The story didn’t work. It was wordy, confusing, over-produced, poorly organized, and clumsy. It reeked of a writer who had no idea what he was he doing. It was misguided and lazy.
But, for those lucky enough to read a first draft, it did make Theodore Peckham an instant memory. And when he was called up to the Oilers in the spring 0f 2008 J (who was my first reader in those days) turned to me and said:
“Do you ever make-up anything on your own?”
She still gives me a hard time whenever old Teddy Peckman (that’s what I call him) makes the news.
Speaking of Theodore Peckham. His hip injury has healed and he has been cleared to travel with the Oilers for this three game road trip through Phoenix, San Jose, and Colorado. His activation from the injured reserve list today is an important moment for the Oilers because it forces management to make a roster move. Jonathan Willis wrote a nice piece this morning about Peckham’s future with the Oilers here. Here’s my take.
When the Oilers traded for Mark Fistric at the beginning of the month they essentially acquired an older more defensively sound Peckham. I wrote earlier that Fistric is a nice compliment for the defense because he gives each pairing a reliable stay-at-home defenseman and a puck-mover:
Smid (stay-at-home) – Petry (puck-mover)
J. Schultz (puck-mover) – N. Schultz (stay-at-home)
Whitney (puck-mover) – Fistric (stay-at-home)

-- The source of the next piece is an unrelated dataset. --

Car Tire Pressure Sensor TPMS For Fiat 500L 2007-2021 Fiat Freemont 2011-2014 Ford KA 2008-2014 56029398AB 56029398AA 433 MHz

However, with the exception of the L.A. Kings game last week, Fistric has been a healthy scratch in favor of the agile Corey Potter. This is a curious decision considering the physical component that Fistric adds to the team is sorely lacking in the nimble but ostensibly austere game of Potter’s. During the broadcast of the Avalanche game two nights ago on Sportsnet I noticed a few things:
1) That Coach Krueger took Mark Fistric aside during the early morning skate to give him a lengthy explanation as to why he was being scratched for the game that evening. From my experience playing sports, these discussions usually tip the coach’s hand about how you will be deployed for the season. And typically gives away the team’s overall view of you as an asset
2) Journalist Mark Spector, during the 1st intermission, announced to us fans that Management and the Oilers Coaches had every intention of playing Fistric a whole bunch this season. And that we shouldn’t be too concerned by his early season benching.
3) Corey Potter, who killed on the Power Play last season (and earned the nickname Corey “Power” Potter “Play” from Lowetide and others) is getting absolutely zero power play time this season. Thus, his role on the team has diminished, yet he is still getting playing time over a recent acquisition.
This tells me that Corey Potter is getting the old “showcasing.” This is a thing that teams do when they need to showcase a guy they don’t want anymore so that another team’s pro scouts can get a good long look at him. Then a trade happens. And if I am the Oilers I would be personally inviting Detroit’s scouts over for popcorn at the Fexall catwalk.
The Red Wings have lost both Carlo Coliaccovo and Ian White to long-term injury this season, Nik Lidstrom retired in the off-season, and they recently signed Kent Huskins to stop the bleeding on a team that is usually better than solid on the backend. Plus, Tom Renney is an assistant coach there now and it was Renney who gave the Oilers the heads up about Potter wilting away in the Penguins farm system in 2011.
So here’s my overall point. Maybe the Oil could package together Peckham and Potter in a deal to Detroit for a forward, a pick, or some farm depth to help out OKC who are struggling mightily since the Lockout ended (2-7-3 since Jan. 1st).
Trading Peckham would be a nice way to fill some organizational holes. See what I did there?